İstanbul’daki kongre kararı bir mahkeme salonundan çıktı, ama asıl etkisi siyasetin kalbinde hissedildi.
Bir asliye hukuk mahkemesinin, YSK’nın yetkisine giren bir kongreyi iptal etmesi sadece teknik bir hukuk tartışması değildir. Bu, toplumun demokrasiye olan güvenini zedeleyen, yurttaş iradesini yok hükmünde sayan bir müdahaledir.
Burada asıl sorulması gereken soru şudur: CHP bu tabloyu yalnızca kendi iç meselesi olarak mı görüp,iç tartışmanın ve/veya hesaplaşmanın bir aracı olarak mı görecek, yoksa demokrasiyi yeniden inşa etmenin vesilesi mi yapacak?
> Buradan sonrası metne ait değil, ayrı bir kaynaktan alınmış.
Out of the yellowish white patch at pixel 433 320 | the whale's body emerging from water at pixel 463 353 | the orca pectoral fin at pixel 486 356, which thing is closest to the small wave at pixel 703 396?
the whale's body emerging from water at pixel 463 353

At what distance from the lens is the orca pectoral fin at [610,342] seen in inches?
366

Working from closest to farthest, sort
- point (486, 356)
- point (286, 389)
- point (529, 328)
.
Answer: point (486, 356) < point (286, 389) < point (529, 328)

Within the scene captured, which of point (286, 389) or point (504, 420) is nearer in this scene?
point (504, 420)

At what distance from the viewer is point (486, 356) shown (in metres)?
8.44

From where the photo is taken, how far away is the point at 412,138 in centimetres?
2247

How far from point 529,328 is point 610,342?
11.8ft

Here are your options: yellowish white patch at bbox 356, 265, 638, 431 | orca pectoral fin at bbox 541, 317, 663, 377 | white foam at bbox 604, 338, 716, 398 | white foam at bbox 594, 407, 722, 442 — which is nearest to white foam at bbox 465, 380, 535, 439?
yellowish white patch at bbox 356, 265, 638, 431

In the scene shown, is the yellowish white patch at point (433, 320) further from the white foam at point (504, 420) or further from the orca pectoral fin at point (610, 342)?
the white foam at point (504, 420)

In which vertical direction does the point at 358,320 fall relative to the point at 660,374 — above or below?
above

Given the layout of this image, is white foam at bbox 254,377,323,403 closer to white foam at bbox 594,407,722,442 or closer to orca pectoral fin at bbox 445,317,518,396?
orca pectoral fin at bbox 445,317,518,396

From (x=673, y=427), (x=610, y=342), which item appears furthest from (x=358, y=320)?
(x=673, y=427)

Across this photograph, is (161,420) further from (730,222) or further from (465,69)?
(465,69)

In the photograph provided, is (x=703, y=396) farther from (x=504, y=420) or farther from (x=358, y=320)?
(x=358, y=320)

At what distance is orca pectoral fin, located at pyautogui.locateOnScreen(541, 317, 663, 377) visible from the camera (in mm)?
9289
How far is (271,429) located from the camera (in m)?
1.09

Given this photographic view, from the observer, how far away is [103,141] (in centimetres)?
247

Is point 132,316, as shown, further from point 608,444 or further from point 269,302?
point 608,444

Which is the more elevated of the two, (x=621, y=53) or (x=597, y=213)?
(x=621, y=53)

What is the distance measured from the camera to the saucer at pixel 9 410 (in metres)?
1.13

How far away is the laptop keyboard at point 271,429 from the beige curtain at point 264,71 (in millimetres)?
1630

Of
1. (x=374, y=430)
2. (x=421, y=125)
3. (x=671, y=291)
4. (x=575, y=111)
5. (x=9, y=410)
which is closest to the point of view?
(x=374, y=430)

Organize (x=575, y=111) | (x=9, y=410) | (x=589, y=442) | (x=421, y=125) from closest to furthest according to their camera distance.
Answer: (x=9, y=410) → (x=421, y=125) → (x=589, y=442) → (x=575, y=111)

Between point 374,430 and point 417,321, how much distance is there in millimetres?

Demokrasi ve Adaletin Bağlantısı


Demokrasi yalnızca sandığa gitmek değil, iradeye sahip çıkmaktır. Adalet ise yalnızca mahkeme kararları değil, toplumun hakkaniyet duygusudur. Eğer dar gelirli yurttaş ekmeğini kazanırken her gün adaletsizliğe uğruyorsa, eğer vergi yükü emekçinin sırtındaysa ama sermaye grupları imtiyazlarla korunuyorsa, orada demokrasi kâğıt üstünde kalır.
CHP bu kararı halka anlatırken, yalnızca “yargı siyasallaştı” dememeli. Aynı zamanda şunu göstermeli.Adalet yoksa, geçim de yoktur. Hukuk yoksa, mülkiyet hakkınız, sendika seçiminiz, meslek odasının seçim sonucu da güvende değildir.


Adil Paylaşım ve Hukuk Devleti


Sermaye örgütleri bu hukuksuzluklara sessiz kalıyor. Çünkü düzen, kısa vadede onların lehine işliyor. Ama hukukun yok olduğu yerde sözleşme, yatırım ve piyasa güvenliği de yok olur. CHP, bu çelişkiyi halka göstermeli.
Hukukun üstünlüğü yalnızca bir hukukçu meselesi değil, dar gelirlinin sofrasındaki ekmek meselesidir.
Adil paylaşım olmadan demokrasi işlemiyor. Bir yanda ayrıcalıklı imtiyaz sahipleri,
diğer yanda günü kurtarmaya çalışan milyonlar. Hukukun siyasallaşması, işte bu adaletsiz paylaşımı daha da pekiştiriyor.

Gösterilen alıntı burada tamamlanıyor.